“Karen:”
my response to an Email from a Cagney & Lacey admirer began. (I try
to respond to each and every such missive… sometimes promptly, sometimes… well,
not so much.)
I
had always hoped these queries from the faithful would appear directly on the
website, but alas the site was set up in the long ago and was too complex for
me to run and even too much for my erstwhile loyal assistant, Carole Smith who,
like her boss, is a died-in-the-wool luddite.
A
true Web Master was needed. Jacqueline Danson volunteered but she resided in
England, I lacked motivation, and…well…frankly, it all became too complex and
too much trouble.
So,
not unlike one of my old time pals here on Fisher Island---who has his Emails
sent to his secretary in San Francisco, where they are printed, then faxed back
to him in Florida---the fan’s notes for Cagney & Lacey (however
circuitously) usually find their way to me.
In
this case, Karen had written about an episode called The Taxi Cab Murders, interestingly
enough the only one of the 125 episodes we made where the title of the episode
appears on screen.
Here
I digress… just a bit: I never liked on-screen titles for episodic television.

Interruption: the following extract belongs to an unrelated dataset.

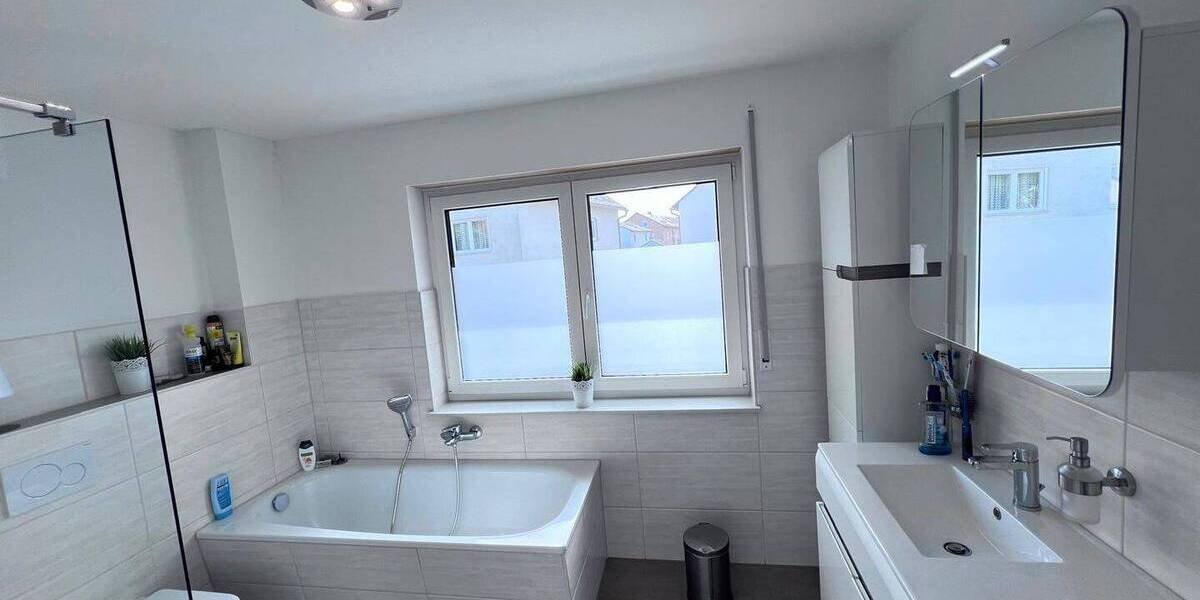 Doppelhaushälfte Tegernheim - 5 Zimmer, 145 m&sup2;, 899.000&euro; | Angebot:26379608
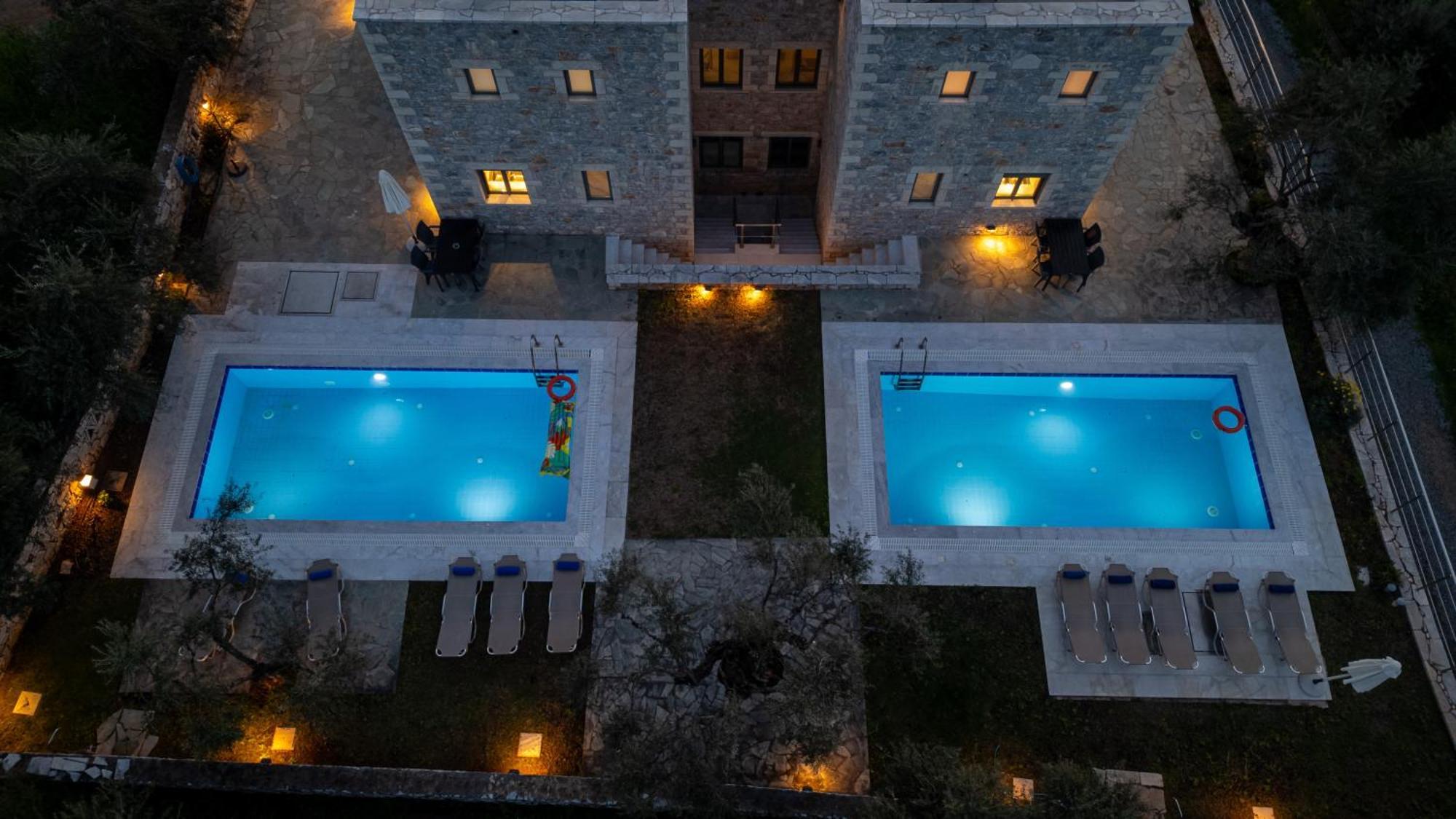 Villa Torri di pietra Stoúpa Esterno foto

Ever since my first year as a producer, where a Daniel Boone episode was
named Then who will they hang from the yardarm if Willie gets away?
I
mean, c’mon.
Sometimes
it is possible to be too creative, and in my experience, titles always seemed
to bring out the “cutes” in any writing staff. So…no titles.
The
exception for this particular episode came about as an off shoot of the “final”

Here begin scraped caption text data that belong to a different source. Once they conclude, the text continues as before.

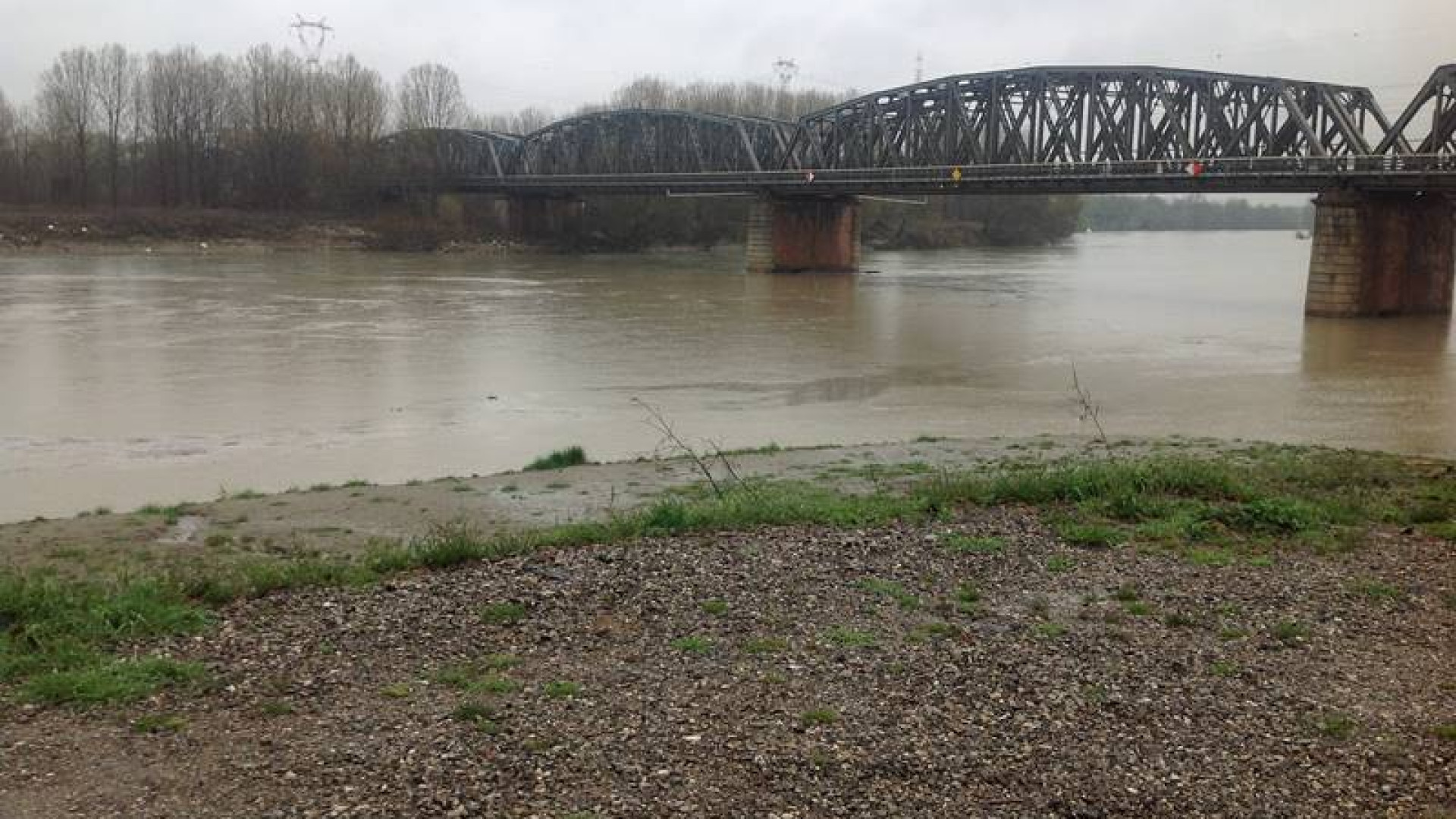 Fiume Po sorvegliato speciale: a Piacenza livello nella norma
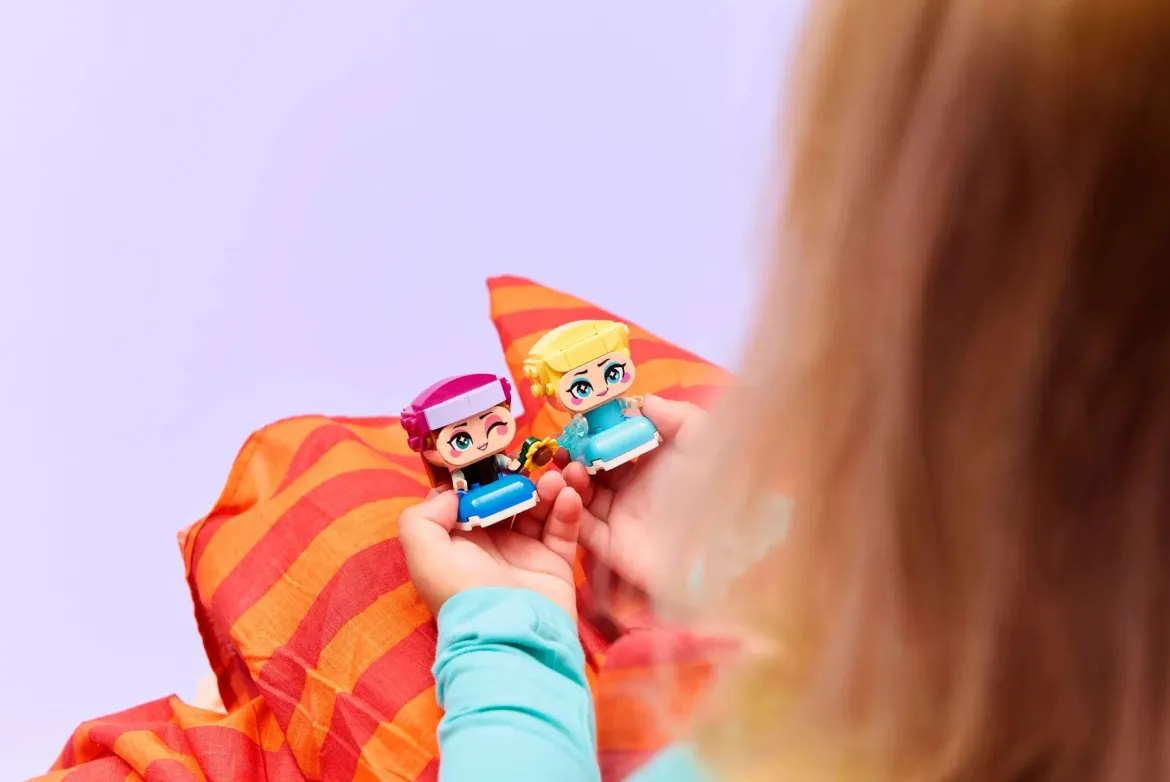 LEGO Disney 43284 Anna ja Elsa Minikoossa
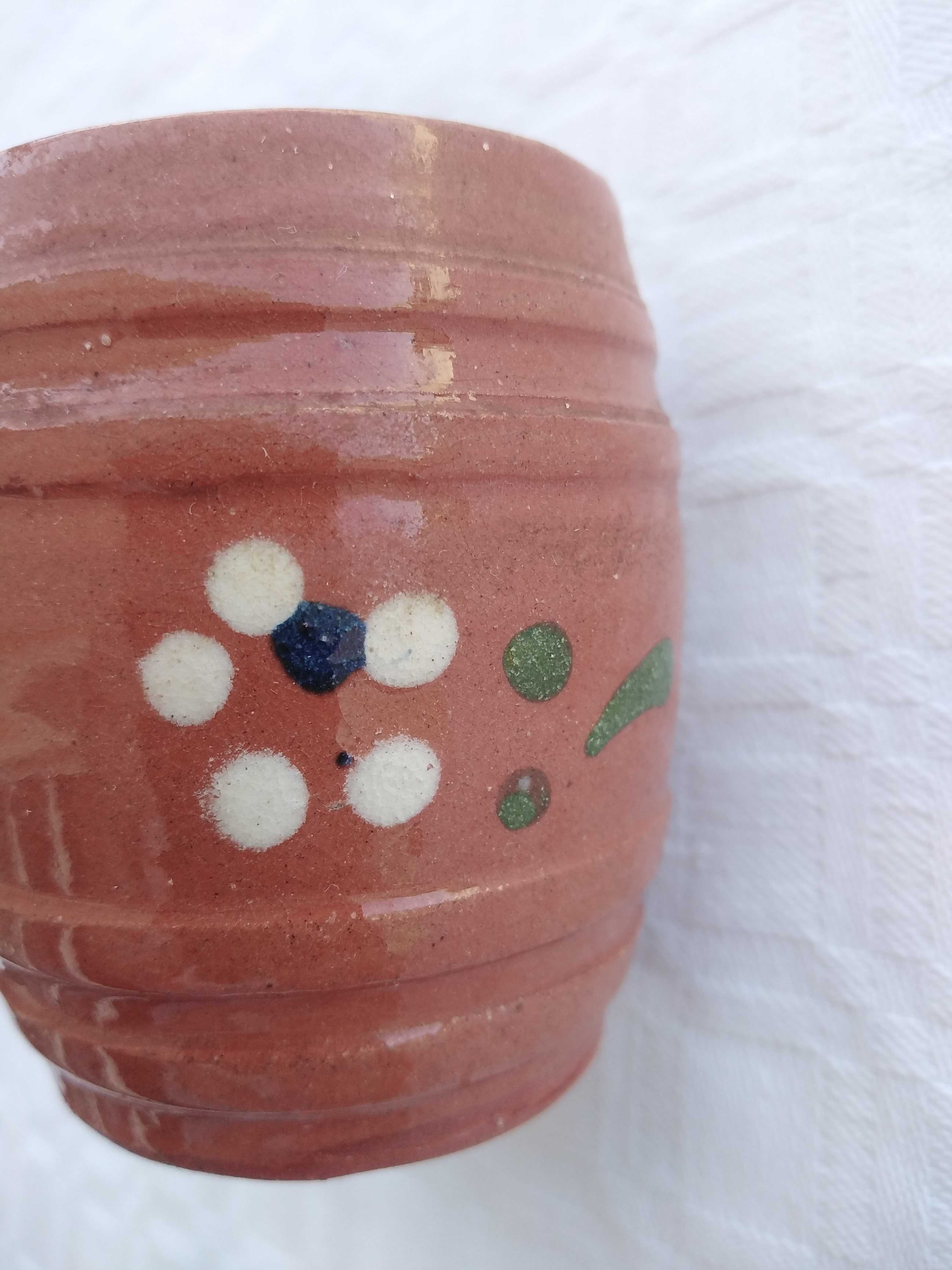 Pequena Caneca de Barro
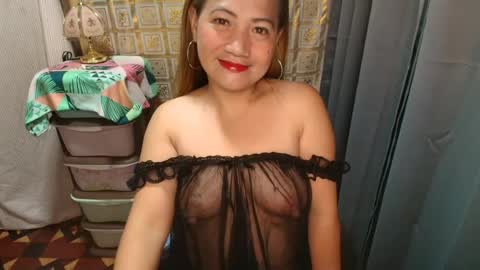 urhotmomzoey online show from July 16, 2026, 1:50 pm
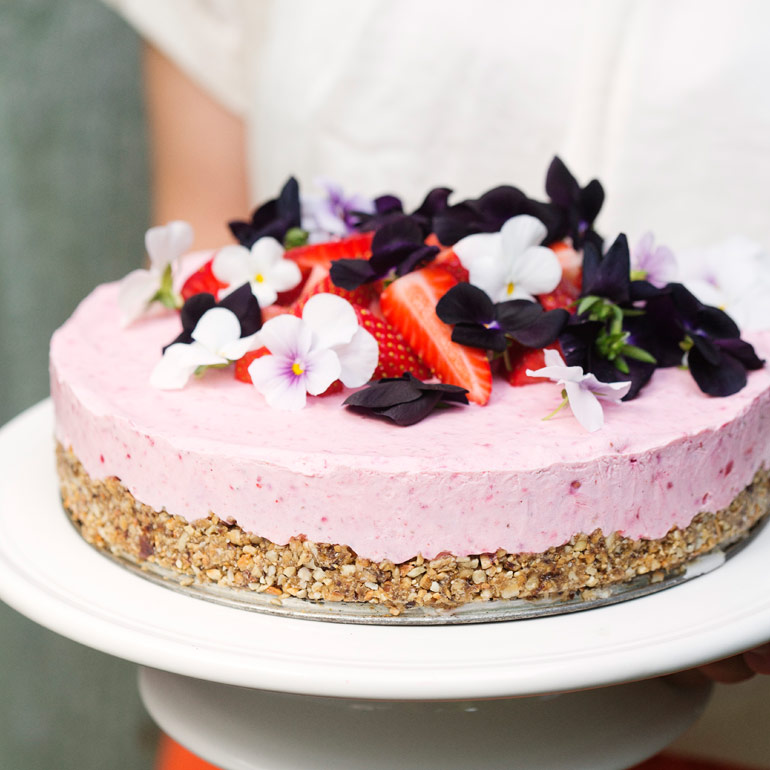 Aardbeien cheesecake met pittenbodem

cut being almost a minute short. You can’t have that happen in Network
television without a whole brouhaha from Broadcast Standards.
My
idea was to fill the 40some seconds we were lacking with New York stock footage
of traffic… not just any traffic… but traffic featuring a whole bunch of taxi
cabs. Besides establishing that we were in New York (always a good thing for a
NY cop show filmed in Los Angeles), the music composer for the episode was
asked to indicate something more sinister than the usual American in Paris
kinda thing such filmed footage often evokes.
Why,
you might ask, would an audience sit still for nearly an entire minute,
watching taxis in traffic? Trust me, it helps if the music is a little sinister
and there is a title that comes up proclaiming The Taxi Cab MURDERS.
Is
this too much information? Let me return to the response to Karen.
“Always
delighted to hear from fans such as yourself,” I wrote, then
went on: “but you ask too much and let me tell you why. When titillated,” I
continued, “I can come up with a whole bunch of stuff on any episode of just
about anything I have ever produced... I am (was) always that ‘hands on.’ But
the IRT route Lacey's youngest son took to get to Cagney's apartment? I must
admit, you’ve got me.
As
to your request that I look it up in the script, I am afraid those pages are
not so easily come by. And there, dear Karen, lies a not uninteresting factoid:
Cagney
& Lacey scripts were largely created before the common usage of word
processors such as the PC or the MAC. A few writers used them in the early
1980’s, but they delivered their scripts to us the same as those who used
conventional typewriters; scripts were then distributed to cast and crew by way
of a mimeograph (or copy) machine. In other words, I just can't go to my PC,
hit a keyword or two and come up with your answer.”
Not
content to let it lie there, I went on: “To get to something as removed from
my memory as your request, I would have to go to my den, get on a large
step-ladder, try to figure out in which leather bound volume the episode
called The Taxi Cab Murders exists (there are three to four episodes in each
volume), then, having done that, I would have to climb down the ladder and go
through the entire volume to come up with the answer to your question.
Karen,
I am 82 years old. I ain’t doing that. It does occur to me, however, that if I
make a posthumous donation of the scripts to my Alma mater, they might well
digitalize the entire library of scripts to placate scholars as well as the simply
curious. So, here is my answer:
Watch
the obituary pages for word of my demise, wait a while, then contact the Cinema
division of the University of Southern California. In the meanwhile, thanks for
your interest and for making my day.
Oh
yeah... you also asked where our two primary characters ‘lived.’ The Lacey's
resided in Queens, and Cagney lived in the lower west side of Manhattan. The
actual street addresses? That brings us back to the problem of the ladder.